Having come through the snow, and the doubts, with a bronze, and with a Games official hovering in preparation for escorting her to the medal ceremony at the Olympic Plaza, the 28-year-old RAF Intelligence Officer was feeling temporarily fatigued.

But even as she analysed her own performance in finishing behind the two Americans, the local girl Tristan Gale and the Ohio firefighter Lea Ann Parsley, she was looking ahead to the future of a fledgling sport which her efforts over the last three years – when she has won three World Cup titles – have done so much to promote.

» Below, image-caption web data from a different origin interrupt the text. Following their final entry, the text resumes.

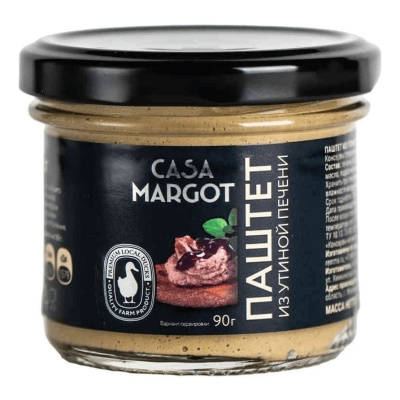 Паштет из утиной печени 90г сб каса маргот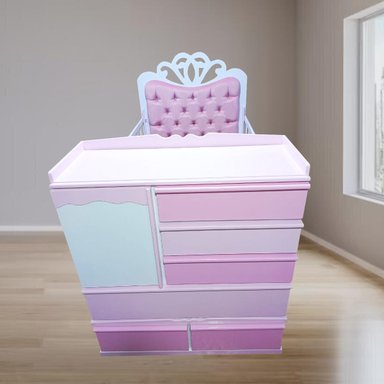 CAMA CUNA ROSADO PLAZA Y MEDIA CON CÓMODA DESMONTABLE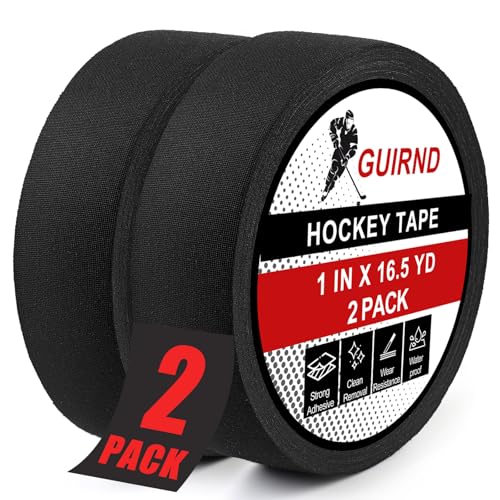 Hockey Tape - 2 Rolls Strong Adhesive Goon Tape, Black 1 Inch x 49.5 FT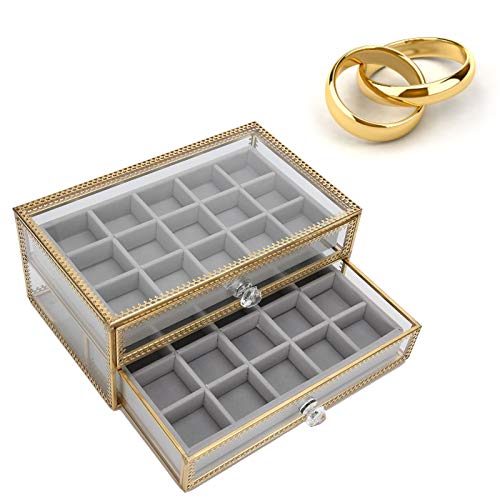 30 Compartment Nail Art Storage Box - 2 Layer Clear Acrylic Organizer for Nail Tips, Jewelry & Beauty Tools | Perfect Gift for Women, Wife, Girlfriend & Mom | Salon, Home & Travel Use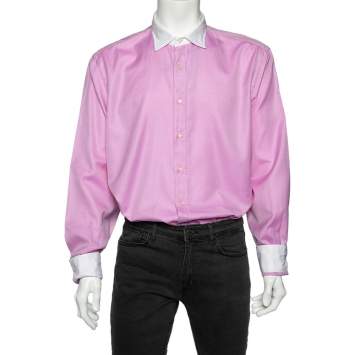 Pre Owned Etro Pink Cotton Contrast Detail Button Front Shirt 4XL
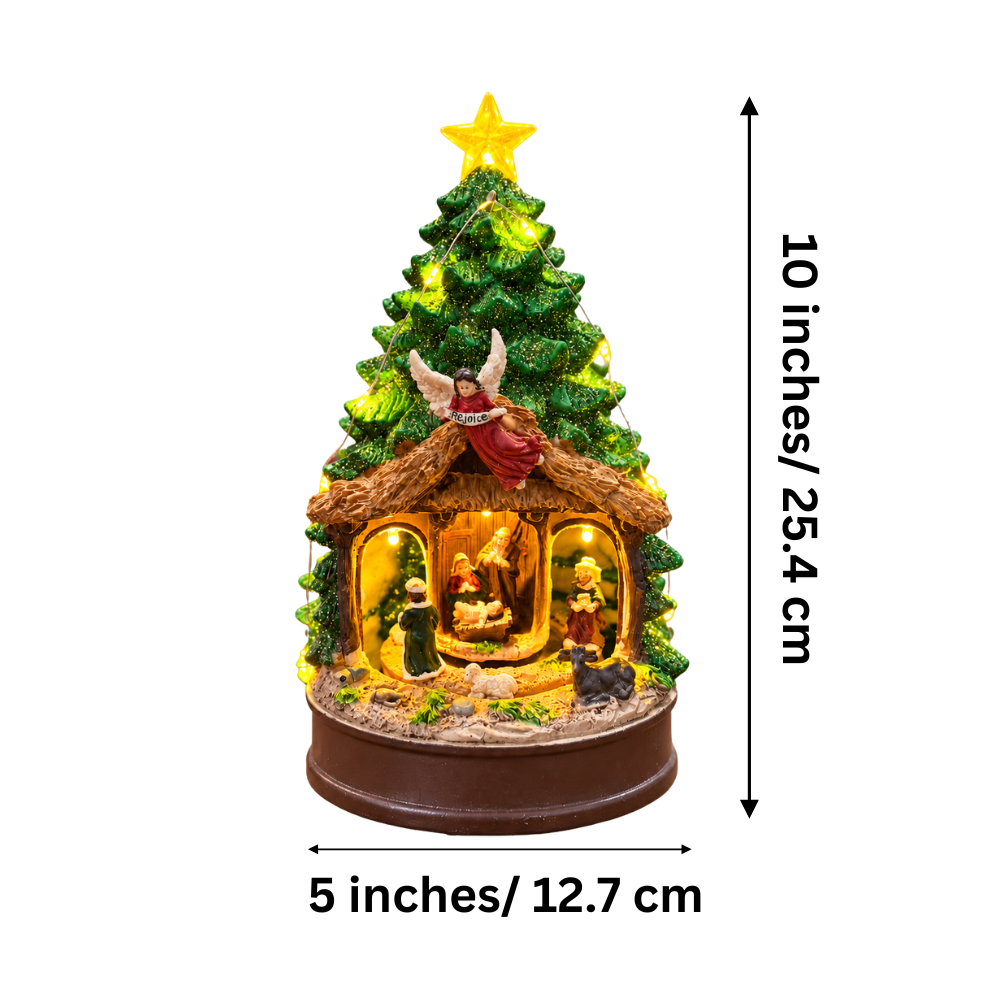 Holy Nativity Rotating Light-Up Christmas Tree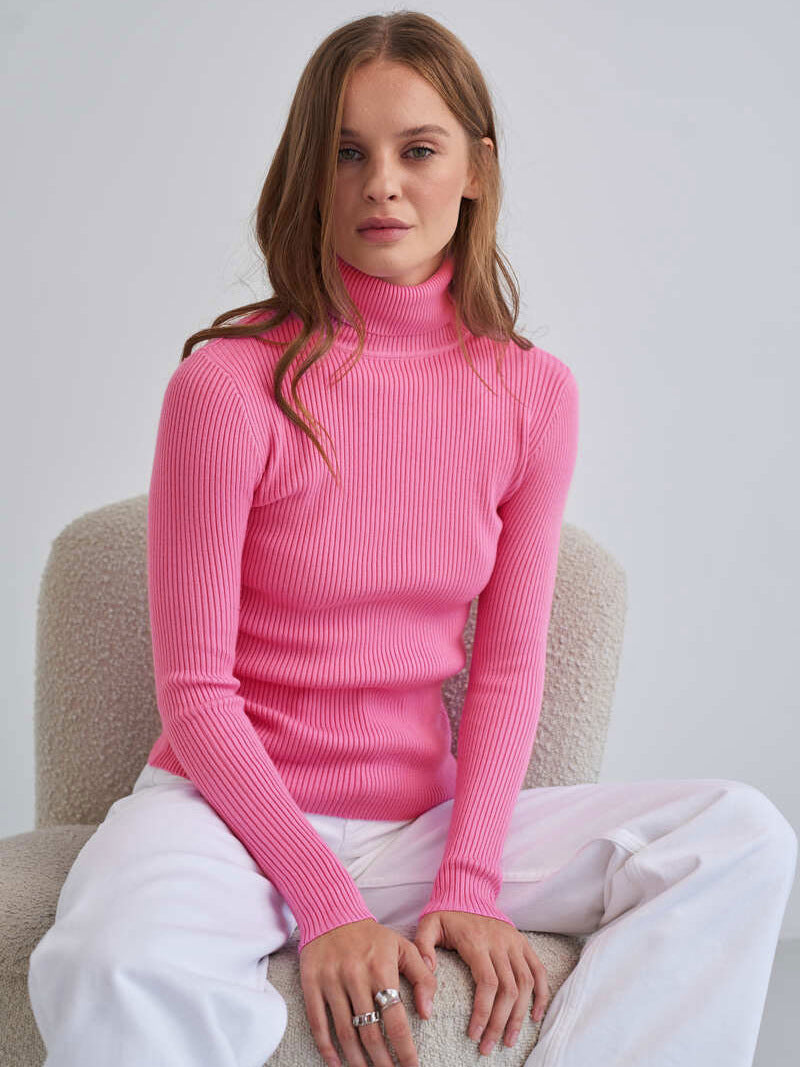 Sexy High Neck Knitted Sheath Sweaters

"Five years ago, skeleton was extreme, off the wall," she said. "It was a sport equated with bungee jumping. It was a mad, nutter's thing. I think we've established ourselves very well and shown we can act very professionally. "

Coomber's big concern now is that she helps the sport to consolidate on the high profile it has achieved in the run-up to these Games. "I know that the interest is only temporary, and that in four months' time no one is going to remember the Winter Olympics. That's why it's important to try and put plans in place now so that new people can come into the sport."

While Coomber will be seeking to ride the current wave of publicity as far as it will take her, including soon making an appearance on the television programme They Think It's All Over, her long-term goals are twofold. She plans to compete again at the next Olympics in Turin, and will ask her employers whether they will extend the leave she had of 18 months to concentrate on Olympic preparation. She also wants to return to running novice programmes on the push-start run which has been built at Bath University, where potential young talent can be introduced to the sport.

"Running those courses is one of the things I enjoy doing most," she said. "At the beginning of the week you take someone down to a bend and say that they will be sliding through it with their face two inches away from the ice, and they look at you as if you have shot them. But by the end of the week they are doing it. I don' t want to lose this opportunity for the sport."

The snow which began to fall densely on the course on the morning of the event might previously have been enough to unnerve the Briton, who has had less chance to train in such conditions than her rivals for the good reason that there is no track in her home country. Her lighter frame, too, is a disadvantage in conditions where heavier competitors are more able to maintain impetus.

However, Coomber was heartened by the memory of her last World Cup win at Lake Placid in conditions which were similar to those that prevailed at Utah Olympic Park.

"I think I did really well today," she said. "Primarily because of the snow. In the past I would have thought 'Oh my God it's snowing, I'm going to do really badly'. But I really tried to not let that happen.

"Also the position I was in after the first run was almost the worst position to be in, because you are in a medal position, but if you drop one place you're not. Trying to keep the focus then, with the weather and knowing I had absolutely everything to lose – there's no worse place to finish at an Olympics than fourth – I was really pleased with myself."

Asked if she was glad to have got the day over, she smiled. "Yes," she said. "I am. Simply because the not knowing is the worst thing.

"So there is a sense of relief, definitely, that I have proved myself, even though it's not a gold. Not many people can say they've got an Olympic medal, and not many Britons can say they've got an Olympic Winter medal."